(Given data Opens)

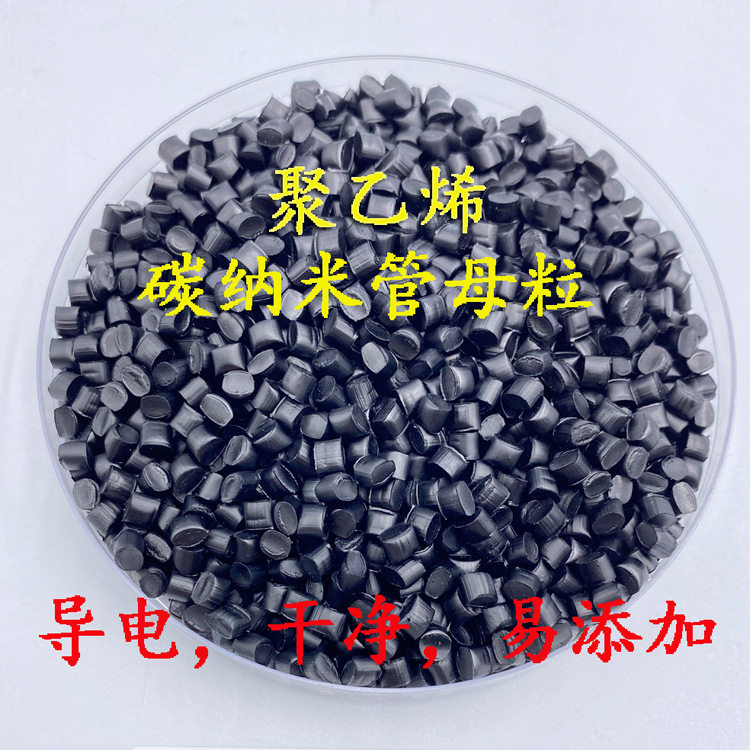 15%CNT碳纳米管聚丙烯PP导电母粒切片挤出注塑导电防静电增韧
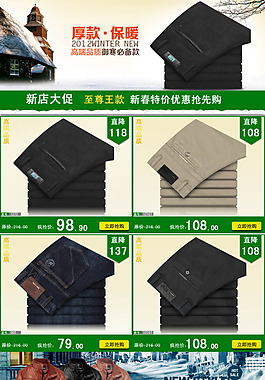 淘宝页面主题模板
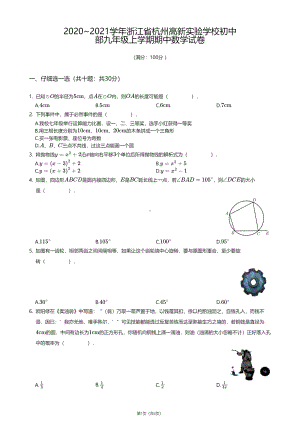 浙江省杭州市高新实验学校初中部2020—2021学年九年级上学期期中数学试卷.pdf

(Given data Closes)

Copy out all the data above exactly, minus the images.

• _Task answer_
 15%CNT碳纳米管聚丙烯PP导电母粒切片挤出注塑导电防静电增韧
 淘宝页面主题模板
 浙江省杭州市高新实验学校初中部2020—2021学年九年级上学期期中数学试卷.pdf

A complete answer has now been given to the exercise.